Different types of chess (that still use the same pieces and board):

Tournament chess - play using chess clocks, when your time is up, you lose. There are different settings for play times, based on the level of competition. At international level, the official rules are 2 hours for 40 moves.

Lightning chess is a variant using short time settings per game. Some grandmasters consider less than 60 minutes per game per player to be lightning chess. Personally, I feel that 5 minutes per game per player is the most fun.

Suicide chess - the first player to lose all his/her pieces wins. During each players turn, any piece that can be taken must be taken. The King acts as just a piece with a one square move in any direction rather than as the piece you must protect at all costs.

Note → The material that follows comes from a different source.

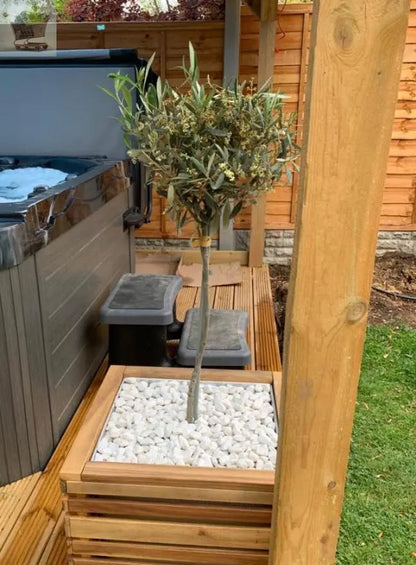 Pair of Hardy Standard Olive Trees 80cm Tall in 18cm Pots - Potted Trees for Gardens - Established Potted Trees for Patios Gearcourt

Transfer chess - a really fun variant where two players take on two other players. Two boards are set up side by side with colours alternating (each team has one player playing White and one player playing Black). The fun begins whenever there are captured pieces. Any of your opponent's pieces that you capture, you hand it over to your partner who may then, during his turn, place on any empty space on the board (some players disallow placing pieces on the eighth row). This rule goes for all players, so pieces get recycled into play very quickly on the other board. The game ends whenever any player's King is checkmated, when the opposing team is declared winners. Note: pieces can be placed to block, so checkmates aren't always as easy as they seem for the uniniated. Transfer chess usually requires the use of chess clocks to prevent players waiting incessantly for pieces to place. Lightning transfer chess is really fun.
/dev/joe has informed me that transfer chess is also known as bughouse


Something a little less conventional perhaps, is Omega chess which requires a whole new board (10x10 with extra 'wizard' spaces) and two extra piece types - the Wizard and the Champion. Read about it at: http://www.omegachess.com/

There is also minister chess, which is played on a 9x9 board with two Queens but the Omega chess stuff sounds sexier.


Update (July 4th, 2000): I've noitced that, in Shanoyu's writeup, he's forgotten to mention that perpetual check is another way to force a draw.